## EXERCISE AIM
Pictures excluded, please retype exactly the lines from the start of the data through the line that contains "shadowthehedgehog Discord emoji", both ends kept, and nothing beyond them.

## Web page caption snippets
__________________________________________________

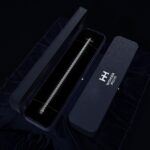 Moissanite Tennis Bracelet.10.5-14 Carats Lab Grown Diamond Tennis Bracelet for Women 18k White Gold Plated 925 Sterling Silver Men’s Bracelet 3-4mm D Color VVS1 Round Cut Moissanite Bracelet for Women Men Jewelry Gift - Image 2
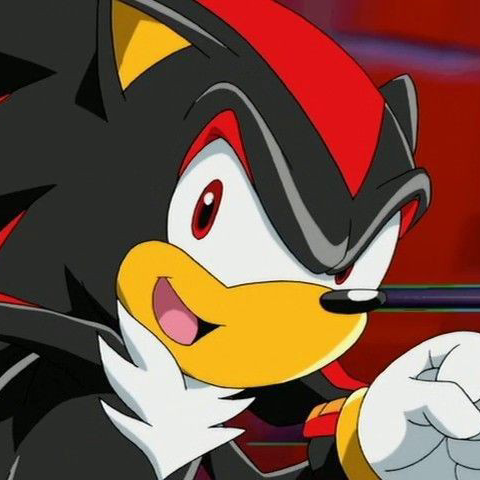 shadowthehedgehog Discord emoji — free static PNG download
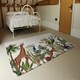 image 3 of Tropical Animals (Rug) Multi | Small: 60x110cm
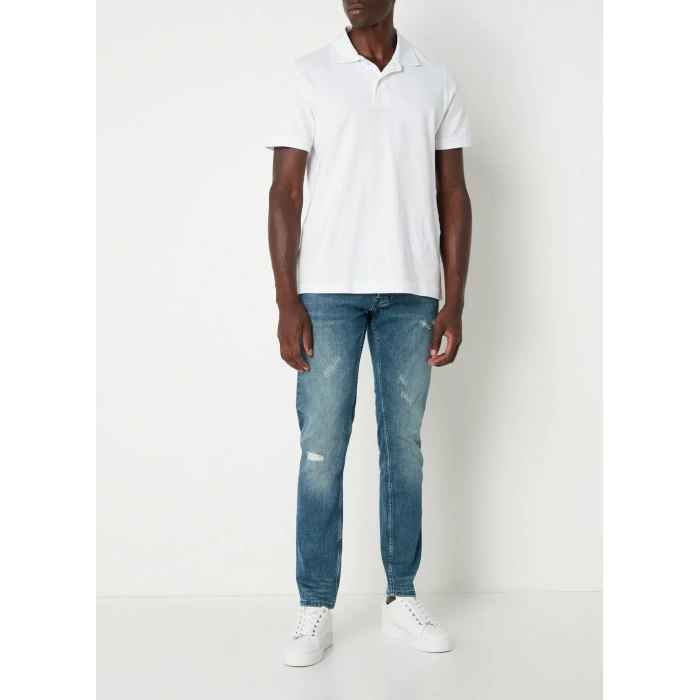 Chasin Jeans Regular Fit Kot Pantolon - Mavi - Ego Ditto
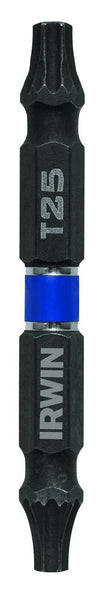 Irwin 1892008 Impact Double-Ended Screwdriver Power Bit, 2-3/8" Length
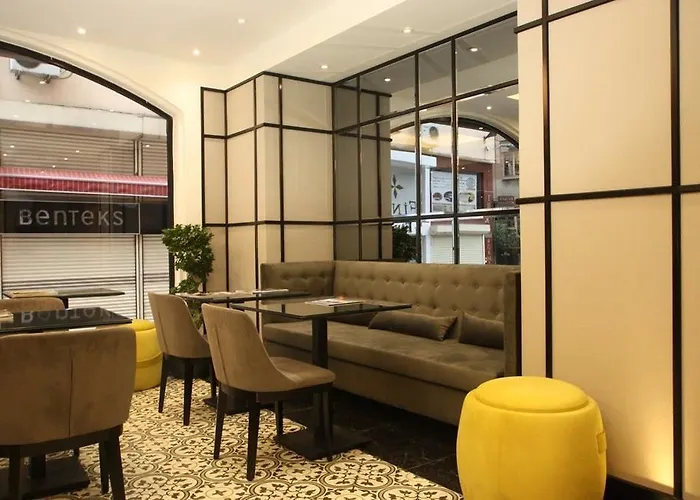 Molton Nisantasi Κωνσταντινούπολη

__________________________________________________

## SOLUTION TO THIS EXERCISE
 Moissanite Tennis Bracelet.10.5-14 Carats Lab Grown Diamond Tennis Bracelet for Women 18k White Gold Plated 925 Sterling Silver Men’s Bracelet 3-4mm D Color VVS1 Round Cut Moissanite Bracelet for Women Men Jewelry Gift - Image 2
 shadowthehedgehog Discord emoji — free static PNG download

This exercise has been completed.